**Input material:**
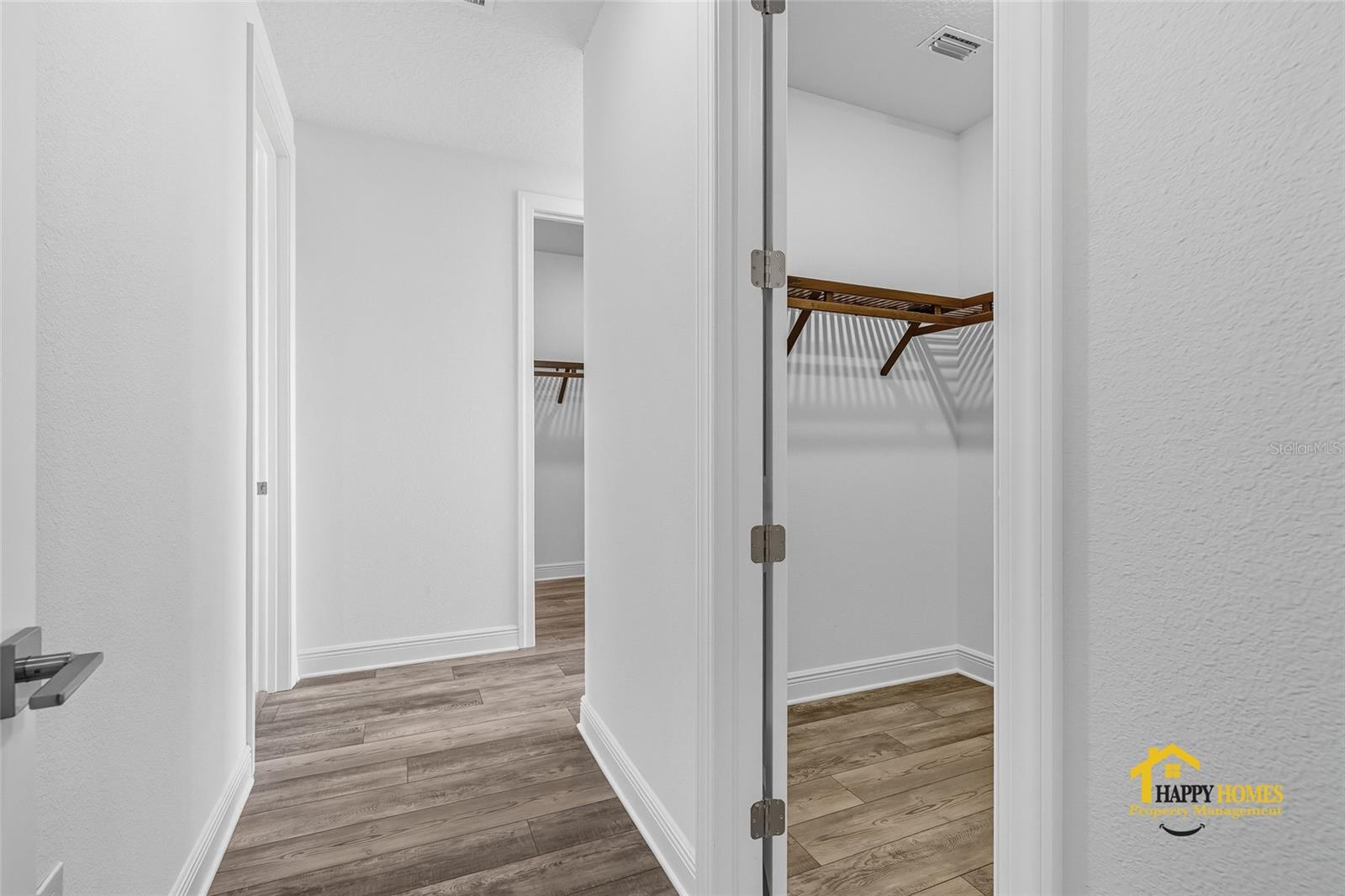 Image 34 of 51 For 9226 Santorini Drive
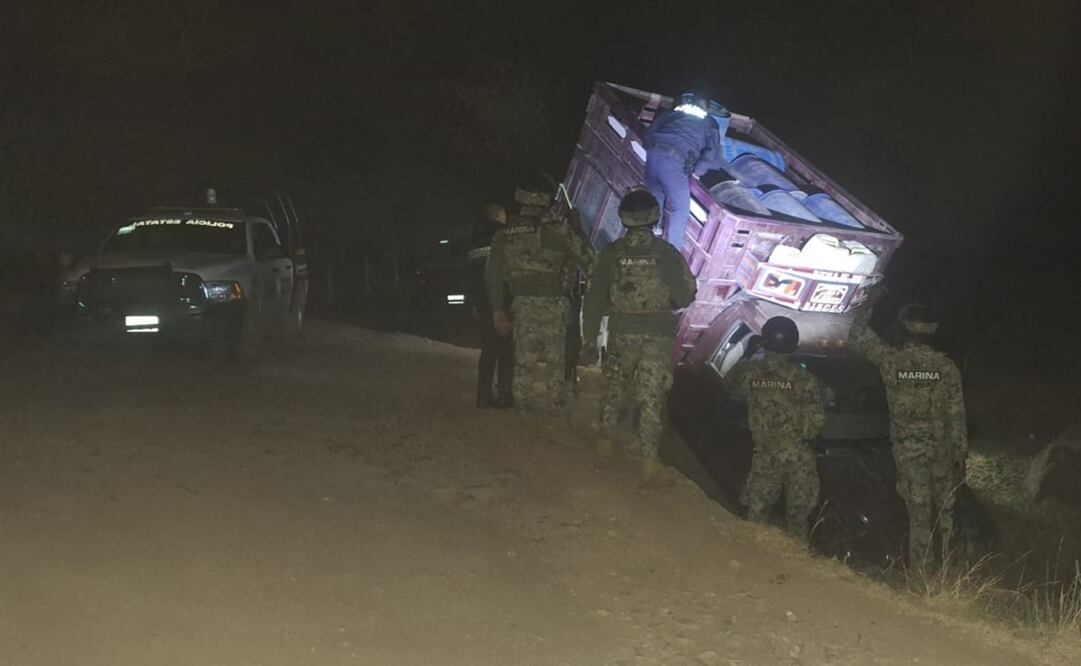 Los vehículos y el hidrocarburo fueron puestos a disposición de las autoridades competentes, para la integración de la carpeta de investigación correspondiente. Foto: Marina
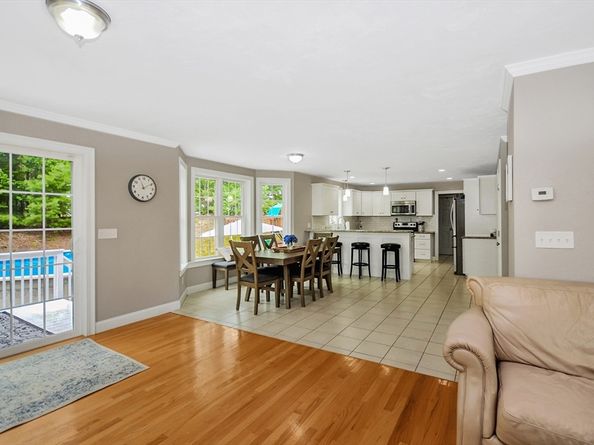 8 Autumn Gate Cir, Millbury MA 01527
...
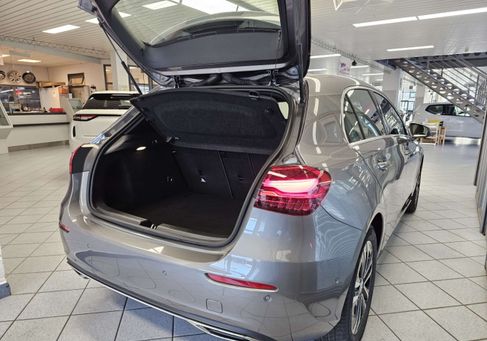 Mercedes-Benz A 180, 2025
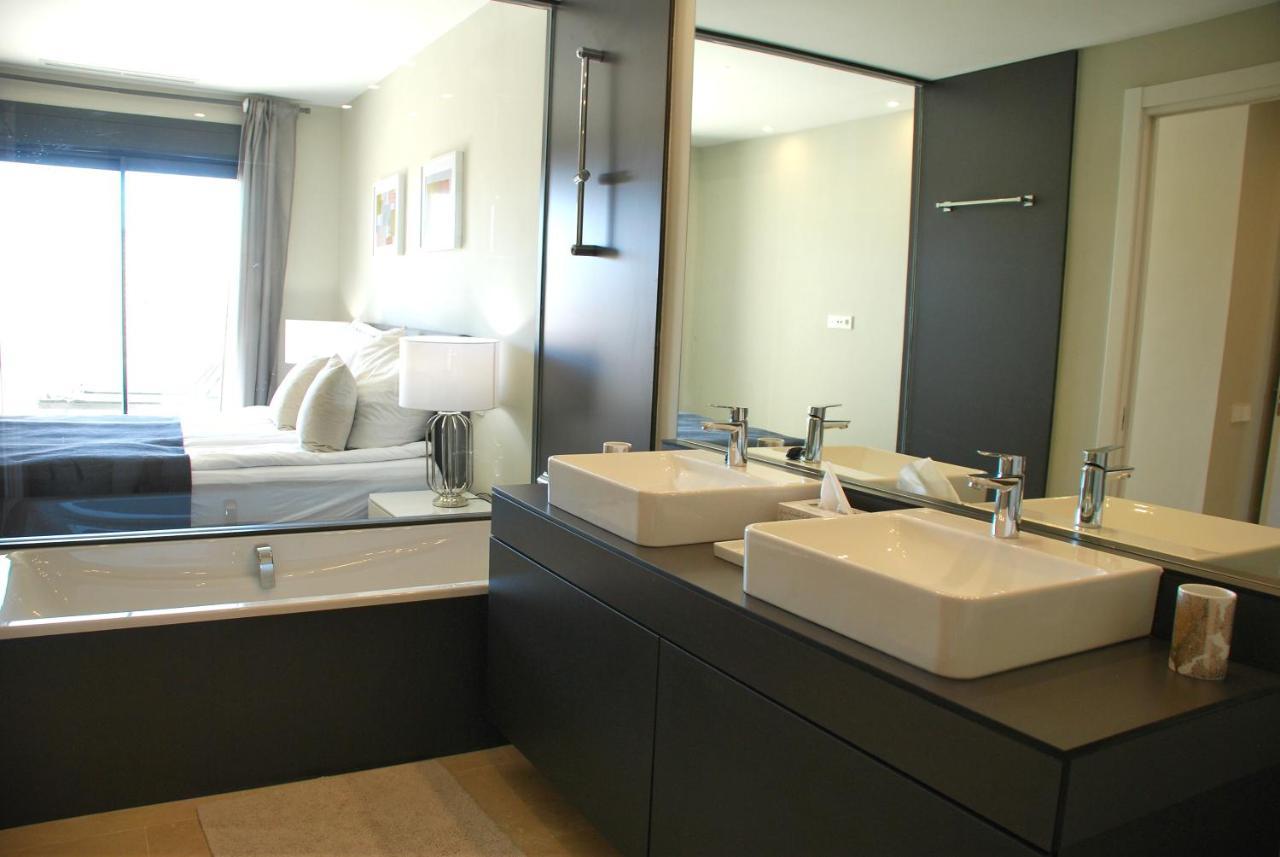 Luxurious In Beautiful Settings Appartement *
==
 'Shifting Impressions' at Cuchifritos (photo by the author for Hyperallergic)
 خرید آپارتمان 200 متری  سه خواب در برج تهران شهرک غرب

**Task description:**
Keep both end lines and retype everything in the records above from the line containing "author for Hyperallergic)" through the line containing "خرید آپارتمان 200", exactly, with nothing else.

**Answer space:**
 'Shifting Impressions' at Cuchifritos (photo by the author for Hyperallergic)
 خرید آپارتمان 200 متری  سه خواب در برج تهران شهرک غرب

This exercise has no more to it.